The three strongest variables in the model ended up being:

  • precipitation during the preceding winter
  • precipitation close to harvest
  • growing season temperature

One thing I found particularly interesting:
Unlike the classic Ashenfelter Bordeaux relationship, warmer growing season temperatures were not nearly as positive for German wines as I expected. In fact, cooler growing season conditions often appeared more favorable in the model. Considering Germany’s strong focus on Riesling and cooler-climate styles, this maybe makes sense — but I would really be interested in hearing opinions from people with deeper wine experience.

Important disclaimer:
I am not claiming weather alone determines wine quality, nor that this can predict whether a bottle will be “great.” I see it more as a climate-based vintage indicator for comparing regions and vintages.

Curious what people here think about the findings and whether they match real-world tasting experience.

have you even done any evals on your output? pretty much every recent vintage for baden is given the label of ‘difficult vintage weather’ with numerical ratings ranging from 14 to 36. just glancing at the wine rating dataset, it does not seem suitable for your task imo.
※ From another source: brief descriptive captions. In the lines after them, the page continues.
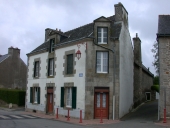 Maison, 2 rue des Fontaines (Pluméliau fusionnée en Pluméliau-Bieuzy en 2019)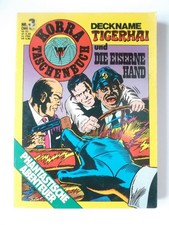 KOBRA Comic Taschenbuch Nr. 3
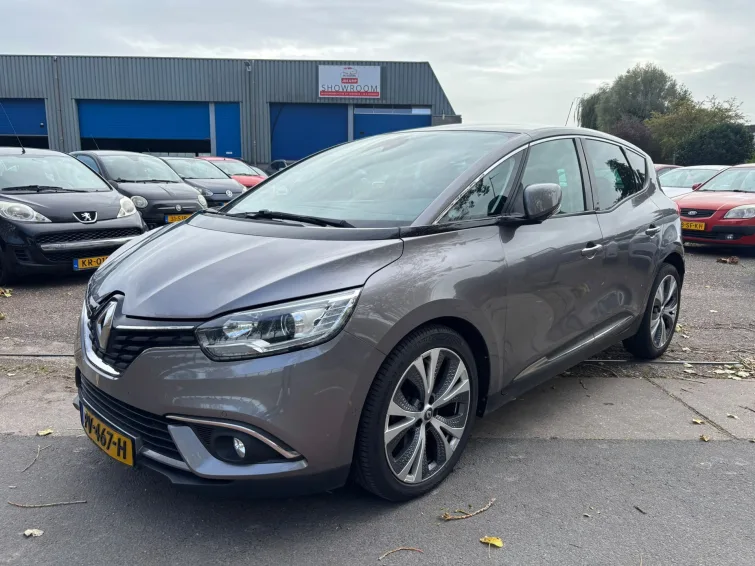 Renault Scénic (2017) — foto 1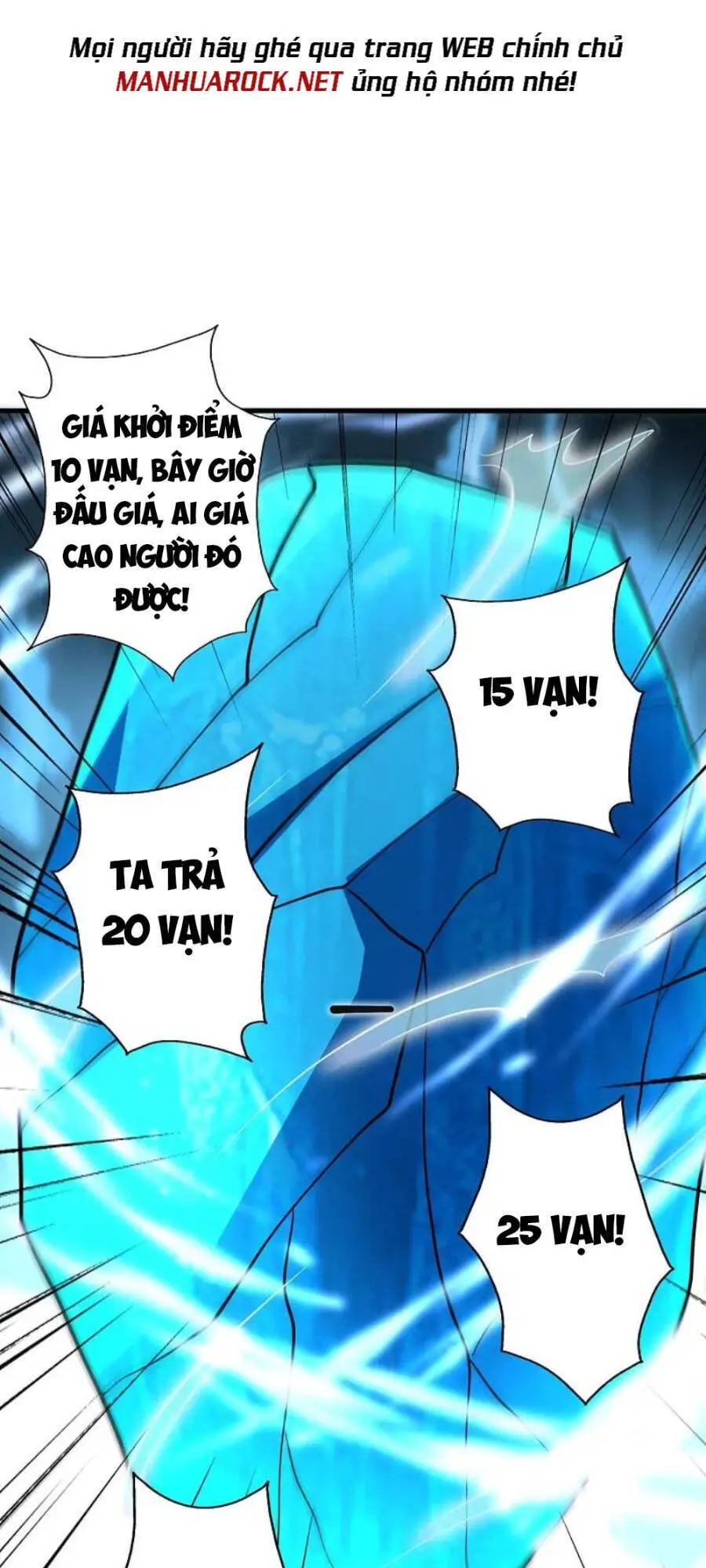 Tiên Võ Đế Tôn Nettruyen ZZZ Chương 348 Page 71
That is completely possible.

The model does not compare weather conditions within single regions, but instead tries to estimate what “good wine weather” looks like across Germany overall. Since German wine production is strongly dominated by Riesling regions, I am pretty sure the model is somewhat biased toward cooler-climate wine conditions.

I actually checked beforehand whether the regions themselves had systematically different average ratings, and the differences were surprisingly small and not really statistically significant, which is why I left region-specific effects mostly out of the final model.
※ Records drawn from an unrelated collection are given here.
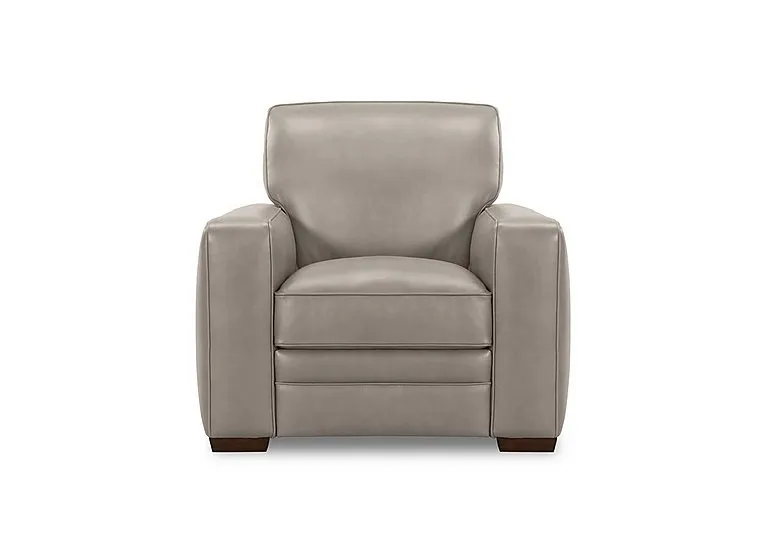 Aspen Leather Armchair - Sofas and Armchairs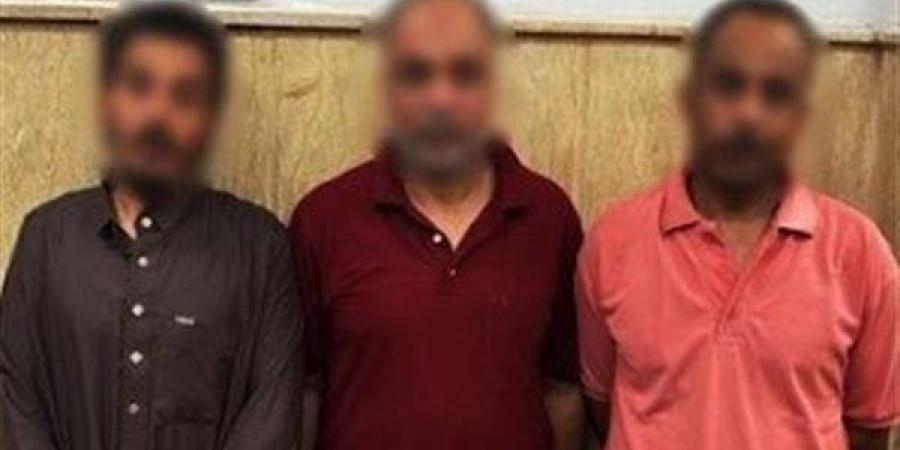 بسبب خلافات سابقة.. القبض على 3 أشخاص اعتدوا بالضرب على مقاول في القاهرة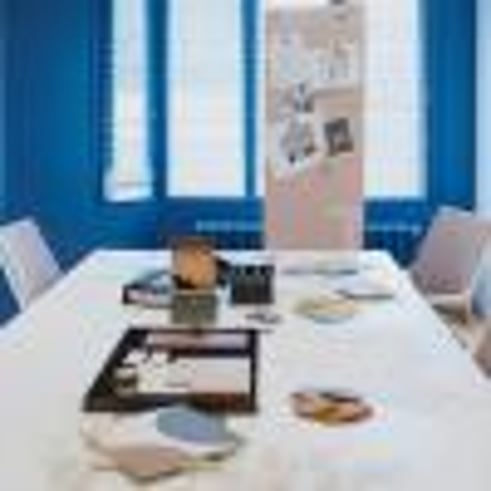 Bureau Perene Collaboration exemple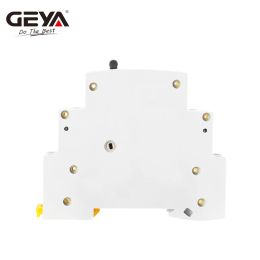 GEYA 16A AC230V DC110V Dual Voltage Impulse Relay Household Electric Pulse Control Relay Auto Control Relay for Lighting Circuit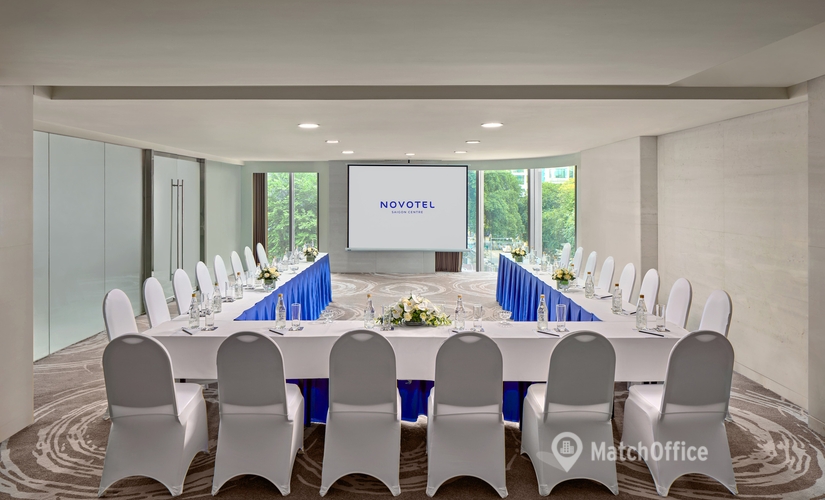 Conference center in Ho Chi Minh City, Hai Bà Trưng 167 (700000) - 1 | MatchOffice.com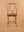 Vintage Metal Wire Chair - 84
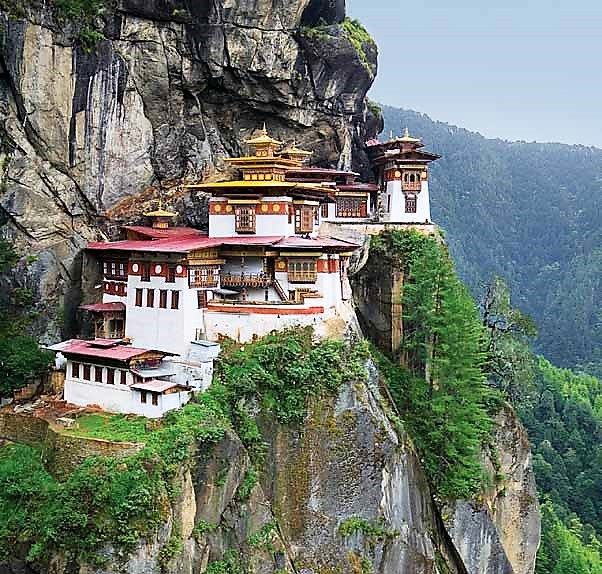 Photo of Places To Visit In Bhutan | StyleRug 1/2 by Sandeep Verma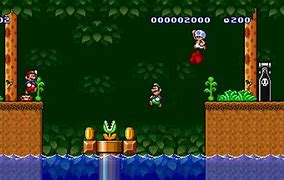 Image result for Super Mario Maker 2 Forest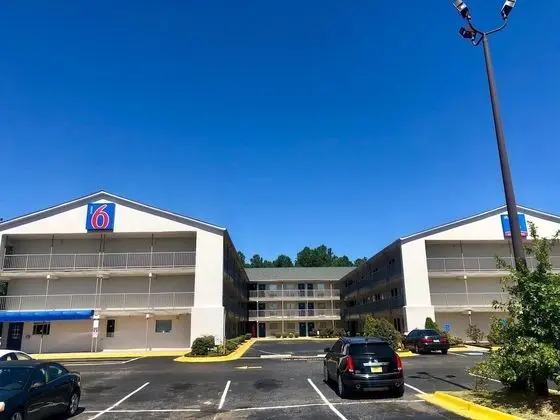 Motel 6 Augusta, GA - Fort Gordon - Dış Mekan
So a low Baden weather score does not necessarily mean “bad Baden wine.” It could simply mean that Baden weather differs from the weather conditions that are associated with highly rated wines across Germany overall. Baden also grows very different grape varieties compared to regions like Mosel, so it is very possible that warmer conditions work better there but are not captured properly in a Germany-wide model.

I would have loved to build separate regional models, but for many regions there simply were not enough ratings available to train stable machine learning models region-by-region.
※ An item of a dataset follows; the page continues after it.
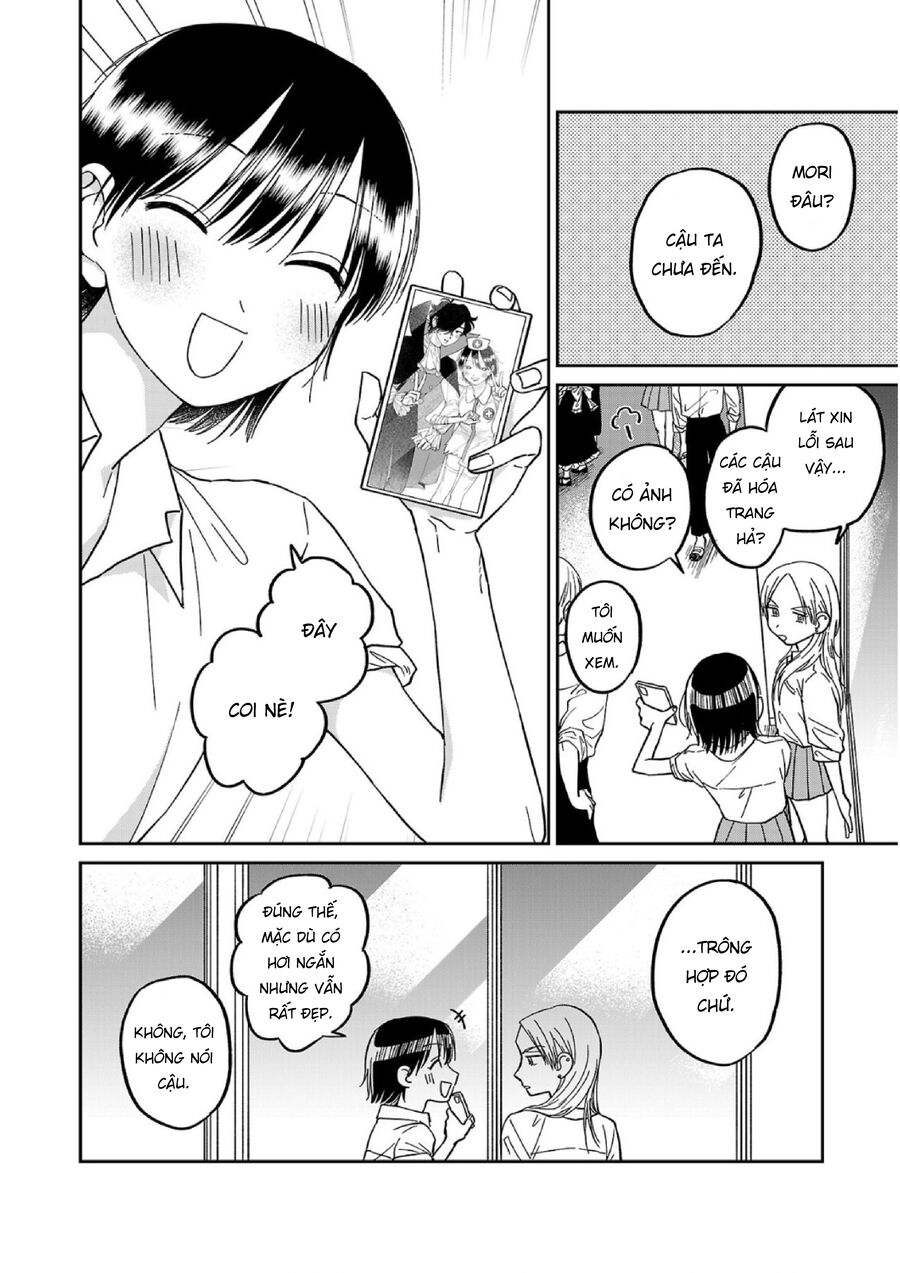 Đừng Làm Tôi Bối Rối Yamori-Kun [Chap 1-11]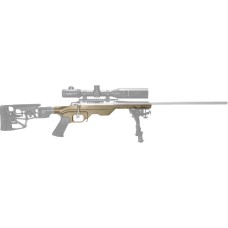 Ложа MDT LSS для карабіна Remington 700 Long Action. Матеріал - алюміній. Колір - пісочний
And yes, I did some evaluation on unseen test data. I randomly removed 20% of the region-vintage combinations from the dataset before training and then tested the model on them afterward. The model achieved a correlation coefficient of about 0.56 with an R² around 0.31, so the signal is definitely not random — but obviously still far from a perfect predictor of wine quality over all.

What is your goal with this?

It’s pretty obvious that warm dry years produce wines that are richer and fuller. But that’s not the same thing as ‘quality’ these days. Folks around here will argue forever about the subjective nature of wine evaluation.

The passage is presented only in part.